U.S. Senator Gary Peters (MI) today applauded unanimous passage in the Senate of the Protecting Our Infrastructure of Pipelines and Enhancing Safety (PIPES) Act to improve pipeline safety and oversight.
Peters introduced the Senate version of the bipartisan legislation with Senators Deb Fischer (R-NE), Cory Booker (D-NJ) and Steve Daines (R-MT). The legislation unanimously passed the House of Representatives last week and now heads to the President’s desk to be signed into law.

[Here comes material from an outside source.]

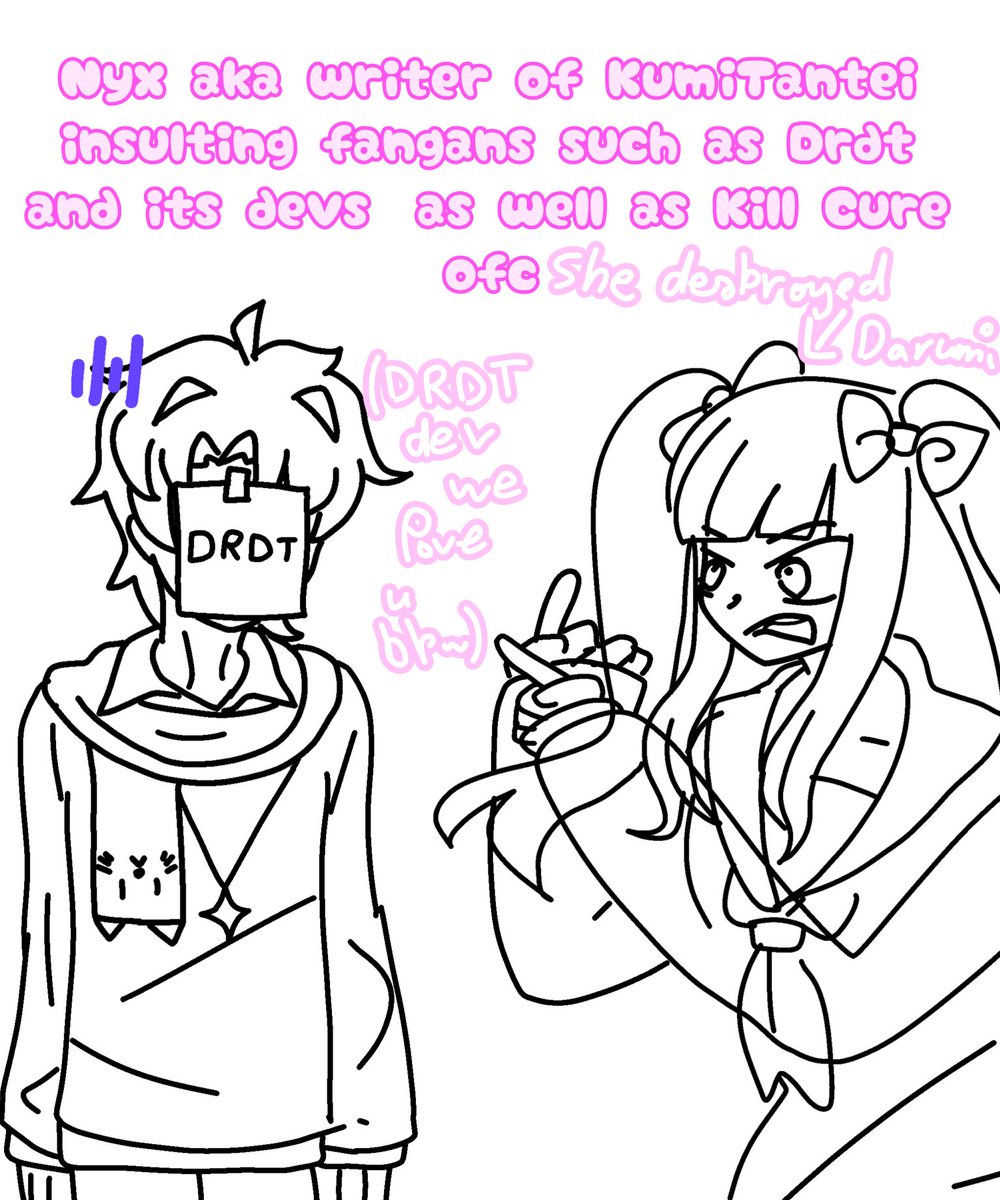 Iroha_aishii's tweet photo. basically all the drama that's been happening in the fangantwt community rn this year #fangantwt #danganronpa #fanganronpa #tetrodanganronpa #pjeg #kumitantei #drdt #drat #drante #danganronpaantebellium #dratL #dratlockdown #dangantwt #projectedensgarden #tetro #drama https://t.co/dTvb7qDDIu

“The Great Lakes play a central role in our state’s economy, environment, and way of life,” said Senator Peters, member of the Great Lakes Task Force. “We must ensure that the proper safety and oversight is in place to keep our people safe and our natural resources protected. I’m very pleased that this bill is on its way to the President’s desk to be signed into law and help safeguard against the catastrophic consequences of an oil spill in our precious waterways.”

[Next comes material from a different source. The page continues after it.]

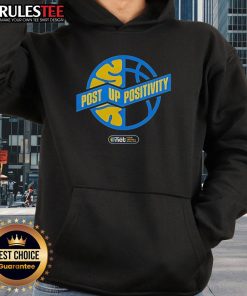 Awesome Chicago Sky Basketball Post Up Positivity Hoodie featuring vibrant colors and stylish design for fans.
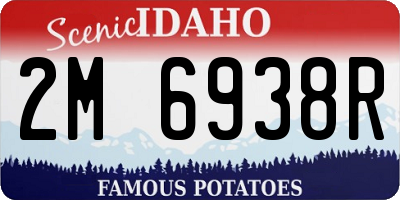 ID license plate 2M6938R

The PIPES Act includes several provisions and elements authored by Peters that will help ensure the Great Lakes and other water resources in Michigan and across the country are protected from the threat of pipeline spills:
- Great Lakes are designated as a high consequence area. The PIPES Act designates the Great Lakes as an Unusually Sensitive Area, making pipelines in the Great Lakes subject to higher standards for operating safely. The bill also adds coastal beaches and marine coastal waters as areas that should be considered when making an “Unusually Sensitive” determination.
- Improves oil spill response plans to address ice cover. The bill requires PHMSA and pipeline operators to prepare response plans that address cleanup of an oil spill affecting waters or shorelines partially or entirely covered by ice. In recent winters, maximum ice coverage in the Great Lakes has been well above normal levels. The Coast Guard has stated it does not have the technology or capacity for worst-case discharge cleanup under solid ice, and that its response activities are not adequate in ice-choked waters.
- Requires critical reviews of pipeline age and integrity. The legislation requires Government Accountability Office (GAO) reports on pipeline integrity management of natural gas and hazardous liquid pipelines, and a review of the risks posed by age, condition, materials and construction of a pipeline. These reports will help State and Federal regulators conduct better oversight of pipelines and recommend changes to ensure that pipelines are operating safely and securely. Many elements were based on provisions from the PIPS Act introduced by Peters and Stabenow earlier this year.
The legislation, which was approved by the Senate Commerce, Science and Transportation Committee in December, reauthorizes PHMSA through 2019 and increases the authorized funding levels by 2% annually to support critical safety and oversight activities. The bill also establishes emergency order authority so that PHMSA can take action to ensure safety when pipelines pose an imminent threat.
The legislation includes additional measures to improve the storage of hazardous materials, including directing the Department of Transportation to issue minimum safety standards for the operation and integrity management of underground natural gas storage facilities and a provision to promote mapping technology to help prevent accidental pipeline damage during underground excavations.
It also includes a research and development section that encourages collaboration on research, development and technology between federal agencies, public stakeholders and industry leaders.
Senator Peters has been a strong supporter of enhancing pipeline safety to protect the Great Lakes.
This year, Congress passed and the President signed into law the Coast Guard Authorization Act, which contained a provision from Senator Peters that would require the Coast Guard to work with partner agencies including the National Oceanic and Atmospheric Administration (NOAA) to conduct an assessment on the effectiveness of oil spill response activities in the Great Lakes.